When Google Reader shut down in 2013, a bunch of companies tried to present themselves as viable alternatives. That included some new players like Inoreader, Feedly, The Old Reader, and Newsblur as well as some older names including Aol and Digg.

But Aol Reader shut down a few months ago, and now it looks like Digg Reader is following suit. The service is shutting down on March 26, 2018. Users can export their feeds and folders as an OPML file until that date.

Digg Reader is/was a simple, but functional replacement for Google Reader, but it didn’t really offer any new or innovative features. Its main claim to fame was probably that it was free and allowed you to import your feeds from Google Reader.

It also may have a bit of name recognition for long-time denizens of the internet. Digg was kind of reddit before reddit was reddit. It started as a social news site that allowed users to vote for or against stories so that the most popular articles would appear on the main page.

But Digg’s technology was sold off in 2012 and as reddit rose to popularity by embracing a million subreddits and sticking with a super-simple design, Digg changed tactics and became a simple news aggregation website.

Digg’s homepage is still just that. It’s only Digg Reader that’s shutting down.

The moral of this story? Your best chance of finding a cloud-based RSS service that’ll stick around is probably to find a company that only offers an RSS service and which has a business plan (including premium and/or freemium features). Or maybe just host your own.

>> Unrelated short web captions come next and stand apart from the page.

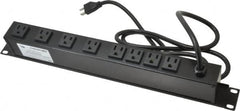 Wiremold - 8 Outlets, 120 Volts, 15 Amps, 6' Cord, Power Outlet Strip - 1 Circuits, Rack Mount, 5-15R NEMA Configuration, 19" Strip, cULus, UL Listed File 1449 - Exact Tooling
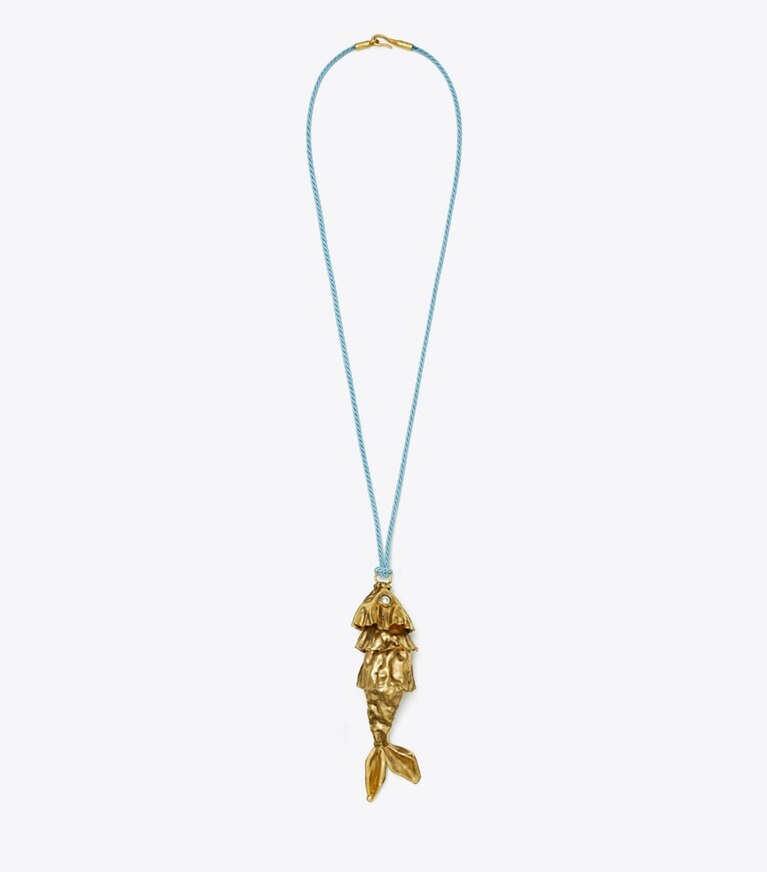 Antique Gold Tone Fish Hook Pendant Necklace, Fish Hook Charm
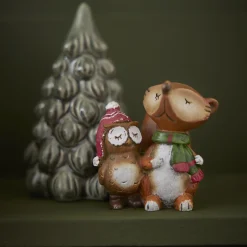 Best Fuchs Mit Eule, Eule Links, 6 Cm Figuren|Weihnachtsdeko
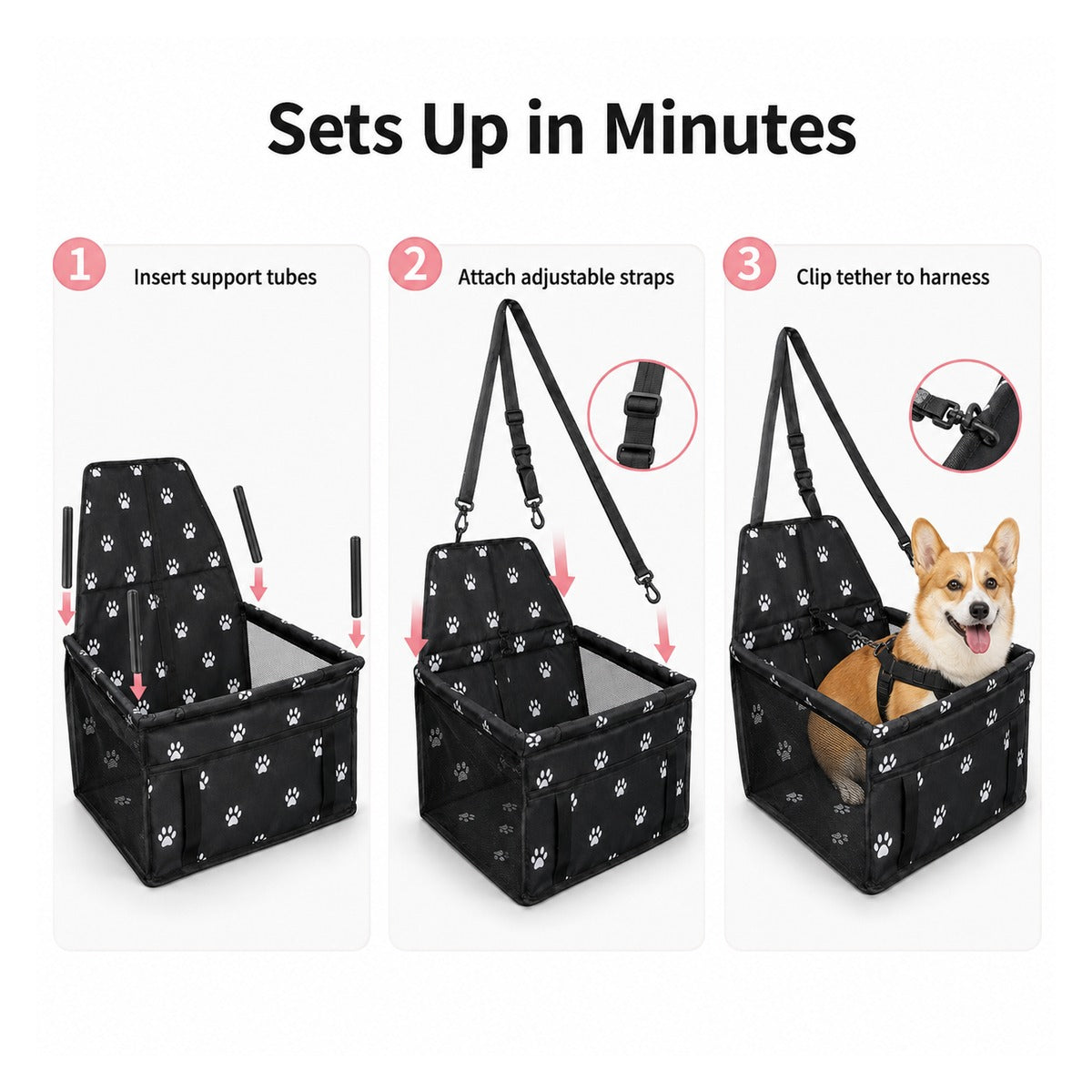 Foldable small pet car booster seat main image 1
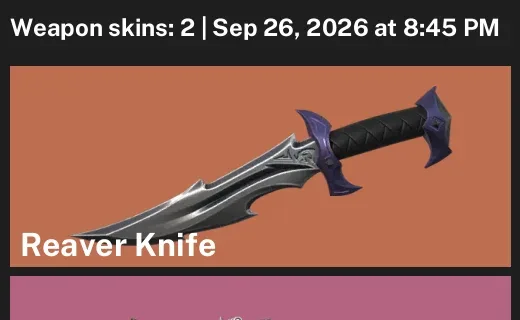 Valorant account inventory for LVL 36 · Reaver Knife & Oni Vandal
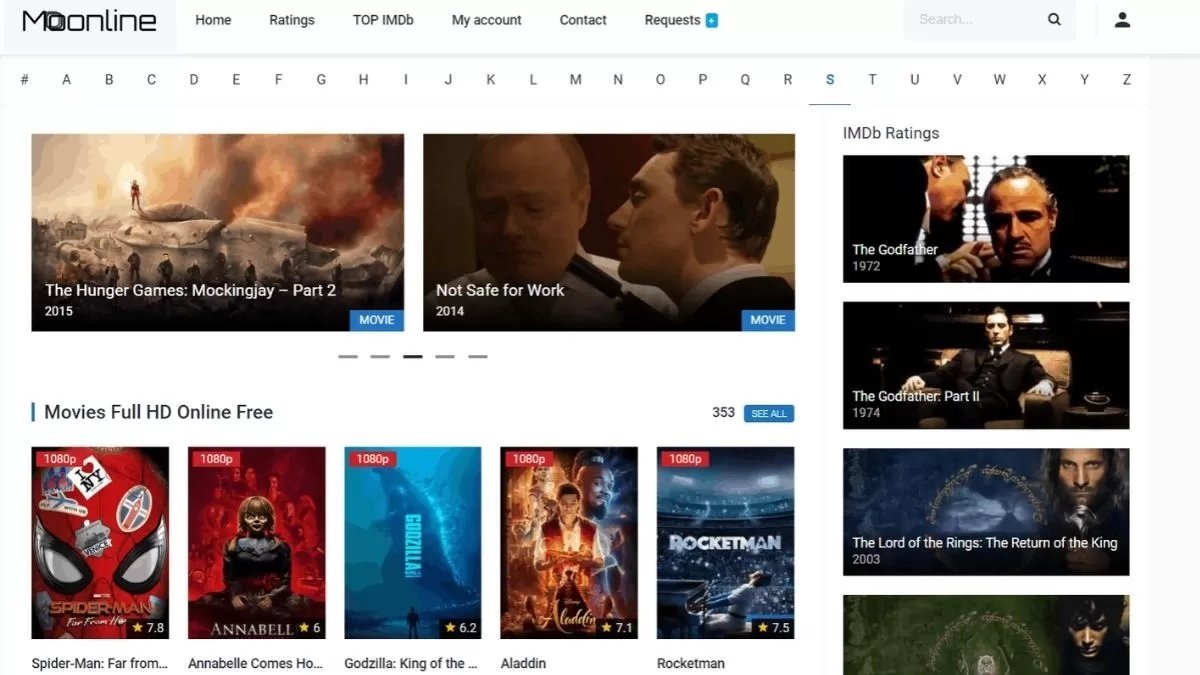 Moonline TV website showing HD movie posters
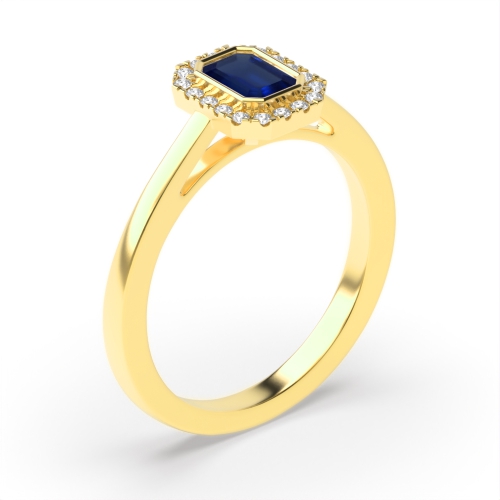 Gemstone Ring With 0.6Ct Emerald Shape Blue Sapphire And Diamond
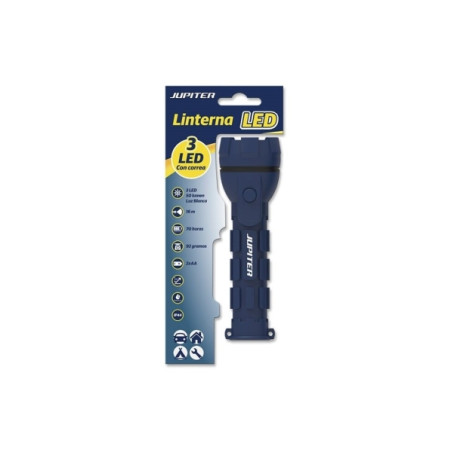 Linterna LED Jupiter / 50 Lm / Luz Blanca / IP44 / Cuerpo de goma / 2 Pilas AA / Azul / 330720 - 330720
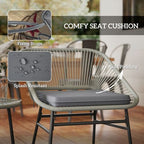 Rattan Bistro Set, Small Balcony Furniture with Cushion, Light Grey in Grey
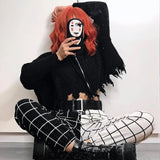 Cargo Pant For Women Loose Hight Waist Plaid Jogging Trousers Sporty Pants Elasticity Sportpants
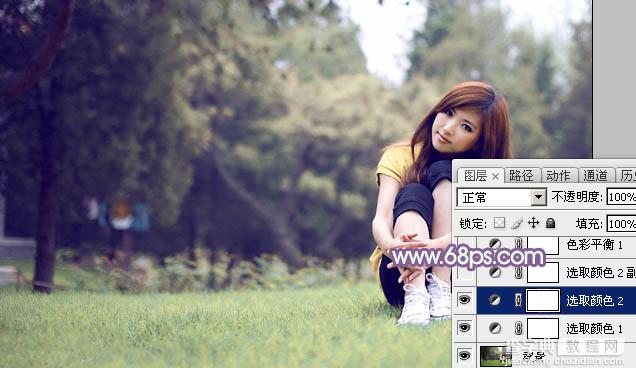 Photoshop将树林旁边草地上的美女图片增加柔和的绿紫色9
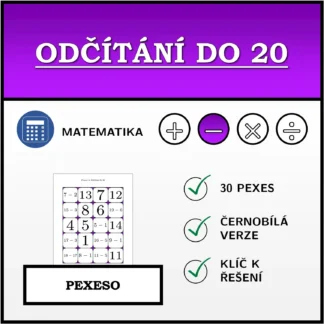Pexeso: Odčítání do 20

I know not everyone uses RSS these days, but as a blogger, I still find it an incredibly useful tool for sifting through updates from hundreds of websites every day. I paid for a Feedly lifetime subscription when that was an option, and I’ve more than gotten my money’s worth out of it over the past few years.

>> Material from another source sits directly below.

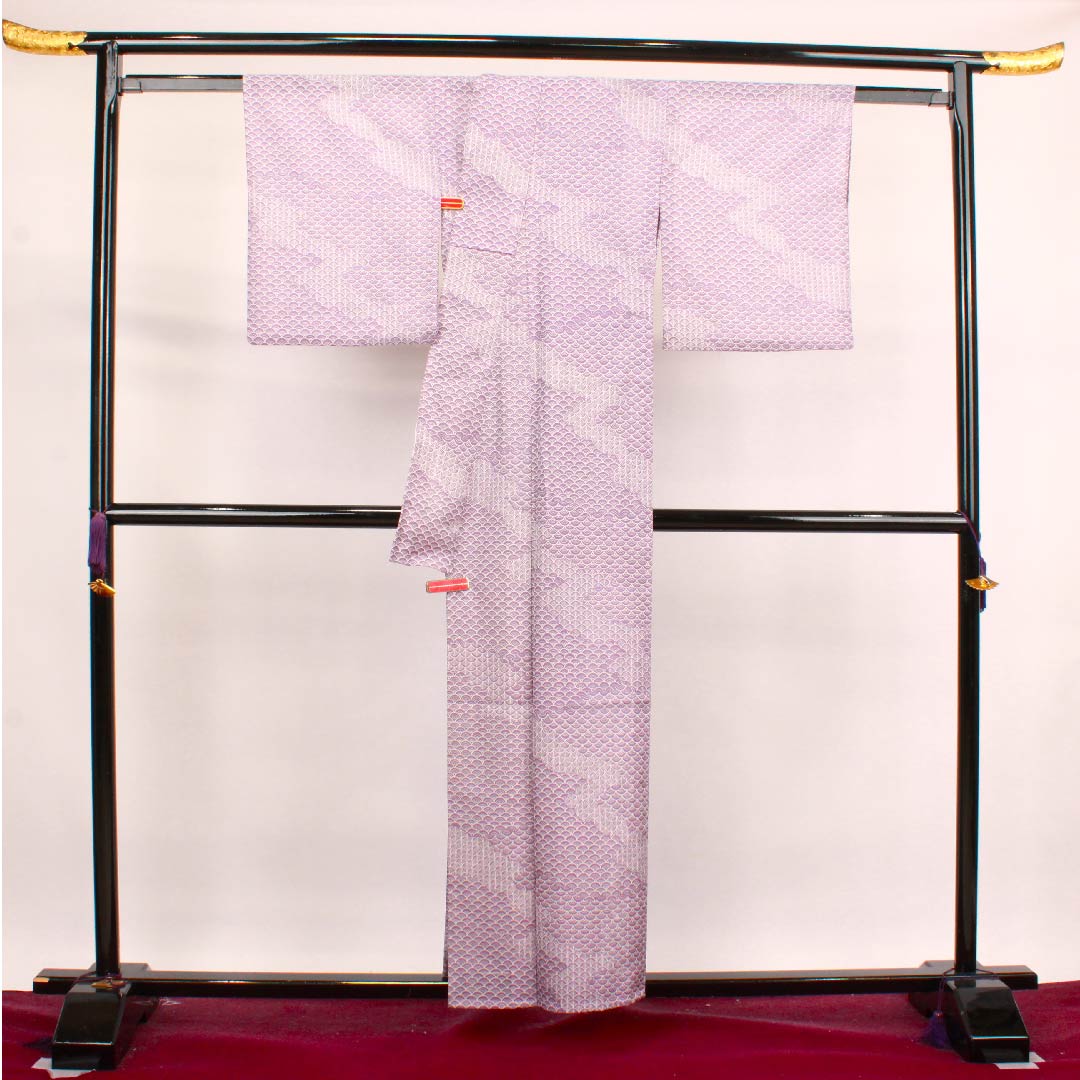 Summer polyester komon, length 157cm, sleeve length 62.5cm, half-color (hashitairo), Seigaiha, silk, S rank, purple, 1132000282320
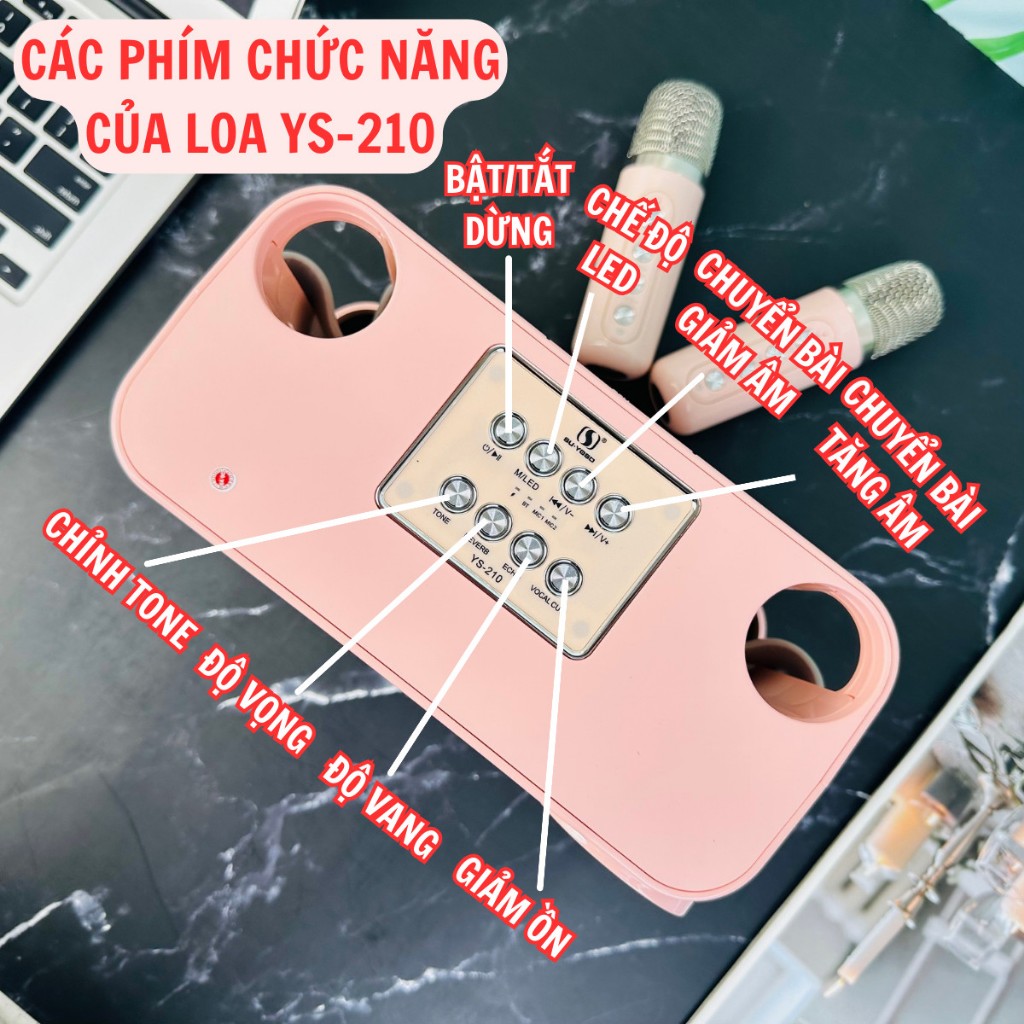 Loa bluetooth karaoke YS-210 kèm 2 míc hát karaoke tiện lợi và công suất mạnh mẽ 20W Bảo hành chính hãng 06 Tháng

There are certainly cheaper options, including just using a desktop or mobile RSS client. But I like the cross-platform nature of a cloud-based solution like Feedly, which allows me to save items on my phone and view them on my desktop or vice versa or to just pick up scanning through headlines on one device where I left off on another.

Personally, I’m just happy that there seem to be some decent options these days. When Google announced that it was shutting down Reader, I was very worried. Now I’m pretty sure that even if Feedly were to shut down tomorrow (please don’t!) I’d be able to switch to another RSS reader in a matter of minutes by exporting my feeds from Feedly and importing them to a different app or service.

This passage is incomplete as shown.